Something is breaking in financial markets — Here’s what’s behind the sell-off

Rates are expected to stay higher for longer, an idea Fed officials have tried to get the market to accept and which investors are only now beginning to absorb.

Getting used to a more typical rate structure doesn’t sound like such a terrible thing. But after 15 years of living in an unnaturally low rate regime, normal sounds, well, abnormal.

“All of this has to be assimilated and digested by the market,” said Quincy Krosby of LPL Financial. “You can see that it’s troubling and it’s difficult.”


That cracking sound in financial markets isn’t the typical kind of break, where one asset class or another fractures and gives way. Instead, this is more a break in a narrative, one that has widespread repercussions.
The narrative in question is the one where the Federal Reserve holds interest rates low and everyone on Wall Street gets to enjoy the fruits.

That’s changing.

In its place comes a story in which rates are going to stay higher for longer, an idea Fed officials have tried to get the market to accept and which investors are only now beginning to absorb.

“When you have an economy predicated on zero rates, this fast move [by the 10-year Treasury yield] towards 5%, the calculus has to change, because the ramifications are going to change,” said Quincy Krosby, chief global strategist at LPL Financial. “The cost of capital is going up, companies are going to have to refinance at a higher rate.”

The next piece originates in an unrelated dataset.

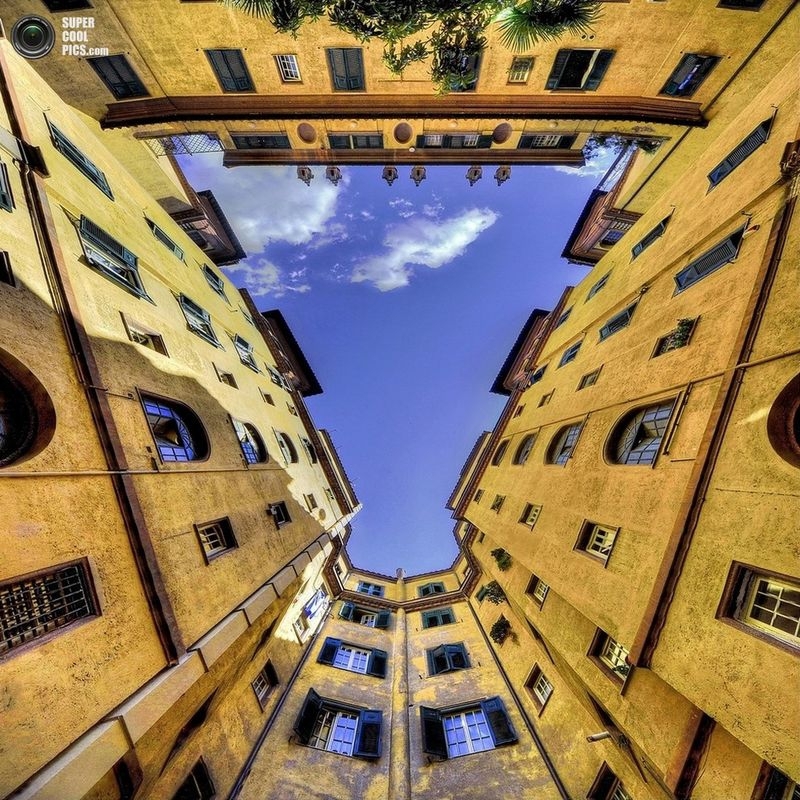 Dizzying Building by Stefano Skarselli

Getting used to a more typical rate structure doesn’t sound like such a terrible thing. After all, prior to the financial crisis, the 10-year Treasury yield had averaged around 7%, though that also was skewed by the historic rate increases in the early 1980s.

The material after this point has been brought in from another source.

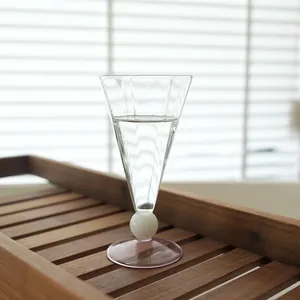 Copa de champán creativa de vidrio tallado con base púrpura y elegante perla blanca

But after 15 years of living in an unnaturally low rate regime, normal sounds, well, abnormal.


Trouble for financials

Multiple parts of the economy face substantial interest rate risk, but none more so than banks. The sector was jolted earlier this year by the high-profile failure of a few banks that had built up too much long-duration government debt, then had to sell at a loss following deposit runs......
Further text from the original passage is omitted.